Une lutte quotidienne épuisante (1)

« Pour Kanemasa Ito, s’occuper de son épouse Kimiko, atteinte de démence comme des millions de Japonais âgés, est une lutte quotidienne contre "le démon". Manger, se laver, aller aux toilettes, Kimiko, soixante-neuf ans, ne peut rien faire seule. "Il y a un démon dans sa tête", déclare à l’Agence France Presse M. Ito, soixante-treize ans, dans leur maison de Kawasaki, près de Tokyo, tandis que sa femme marmonne des paroles dénuées de sens ou tente de s’éclipser. Ce combat, M. Ito le mène depuis quinze ans, car son épouse a été frappée particulièrement jeune par la maladie. La situation que vit M. Ito, contraint d’assister son épouse pour quasiment tout, n’a rien d’exceptionnel au Japon. Car dans ce pays où le vieillissement s’accélère et où l’espérance de vie est l’une des plus longues au monde, le manque de ressources financières et de soignants fait peser le fardeau sur les conjoints et enfants. » 4.6 millions de Japonais âgés de plus de soixante-cinq ans sont atteints de démence et, et, en 2025, ils devraient être 7 millions (une personne de cet âge sur cinq), selon le ministère japonais de la Santé. « Le Premier ministre japonais Shinzo Abe s’est engagé à augmenter le nombre de maisons de soins et à élever les salaires des soignants afin de s’attaquer au problème.
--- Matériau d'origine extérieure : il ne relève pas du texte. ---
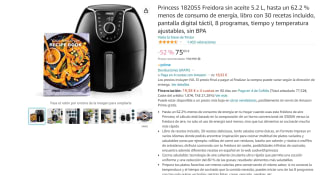 Freidora sin aceite marca Princess 182055 5.2 L por 75,65€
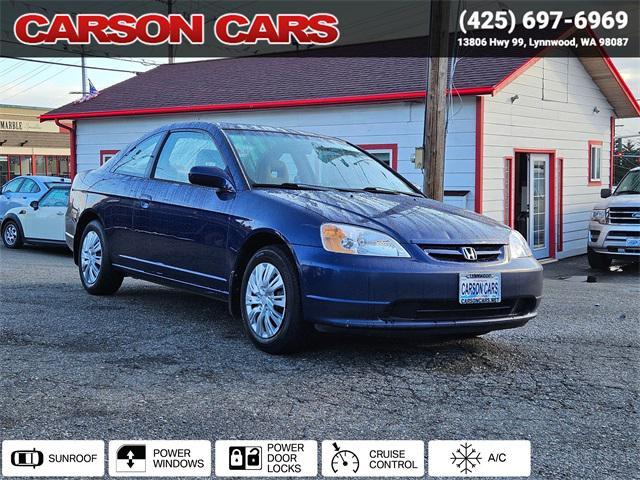 used 2002 Honda Civic car, priced at $5,995
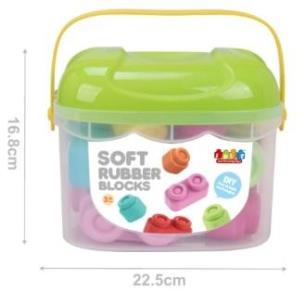 Opakowanie Klocki miękkie 16szt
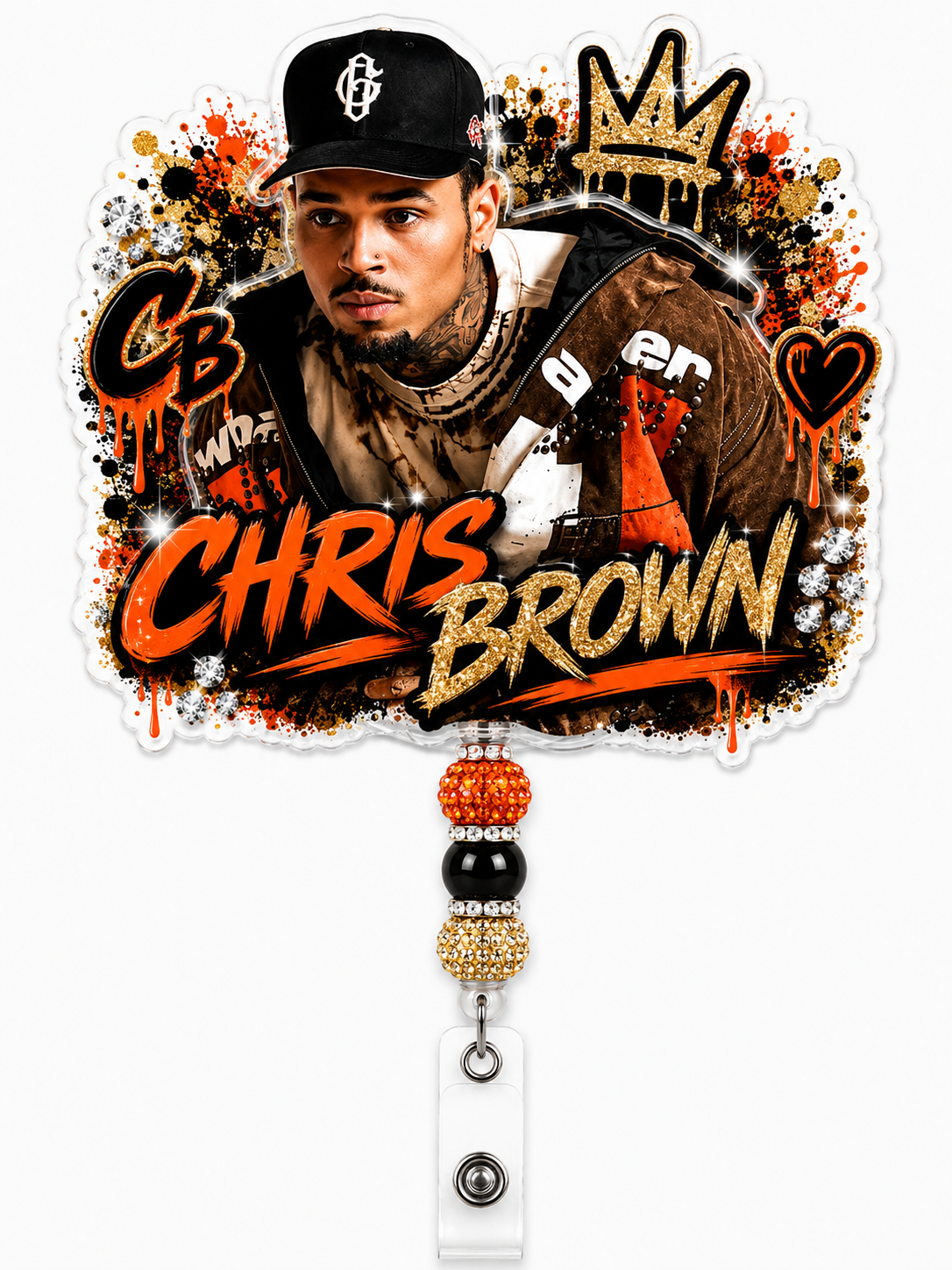 Chris Brown Inspired Badge Reel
L’objectif est de réduire à terme à zéro le nombre de personnes qui quittent leur travail, comme l’a fait M. Ito, pour s’occuper d’un membre de leur famille atteint de démence, contre cent mille par an actuellement. » « Le Japon a géré son système d’assistance sociale sur l’hypothèse que les membres de la famille prendraient les choses en main », estime Katsuhiko Fujimori, chercheur associé de l’Institut de recherche et d’information Mizuho. Mais le pays ne parviendra pas à ses objectifs sans plus de moyens financiers, dit-il. Cela semble pourtant irréaliste: la dette publique du Japon s’élève déjà à plus du double du PIB, le taux le plus élevé dans le monde industrialisé. La baisse de la population active vient ajouter au fardeau porté par les personnes âgées pour financer leurs soins. »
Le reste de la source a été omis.